Het Sachsenhain – het bos van de Saksen – brengt een veldslag in herinnering die in 782 voor Christus plaats gehad zou hebben bij Keulen en waar 4500 Saksen zouden zijn vermoord. Zouden zijn, want de daadwerkelijke gang van zaken hangt af van een Latijnse tekst waarin niet duidelijk is of er delocare (verdrijven) of decolare (onthoofden) staat.
In 1938 wordt Sachsenhain aangelegd naar een ontwerp van Wilhelm Hübotter, een van de meest invloedrijke landschapsarchitecten van het nationaalsocialisme. Sachsenhain bestaat uit een groot ovaal grasland, omgeven door een bos. Door het bos, aan de rand van het veld, loopt een pad met aan weerszijden twee rijen grof gehakte stenen, 4500 in totaal, een voor elke vermoorde Saks. Het bos is beplant met wilde rozen, sporkehout en andere inheemse soorten.

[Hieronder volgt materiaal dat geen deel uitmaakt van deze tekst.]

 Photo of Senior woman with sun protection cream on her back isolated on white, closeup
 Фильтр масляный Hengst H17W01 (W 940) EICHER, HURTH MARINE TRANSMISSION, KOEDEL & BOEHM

In de jaren dertig worden door heel Duitsland monumenten en herinneringsplekken aangelegd, een bewuste stap van het nationaalsocialistisch regime om de ouderdom en onverwoestbaarheid van het Duitse volk te benadrukken en de geclaimde verbondenheid met het landschap kracht bij te zetten. Het landschapsarchitectonische ontwerp diende een brug te slaan tussen de generatie van die tijd en haar bewierookte voorgangers. De ontwerpen moesten ingebed zijn in het landschap en natuurlijk ogen. Grote keien en rotsen werden geplaatst om Urkraft uit te stralen en het ontwerp tijdloos te doen lijken. De beplanting diende inheems te zijn, exoten waren niet welkom – het ging om de idee van een zuiver en ongerept ras, net zo verbonden met ‘zijn’ landschap als de inheemse bomen en bloemen.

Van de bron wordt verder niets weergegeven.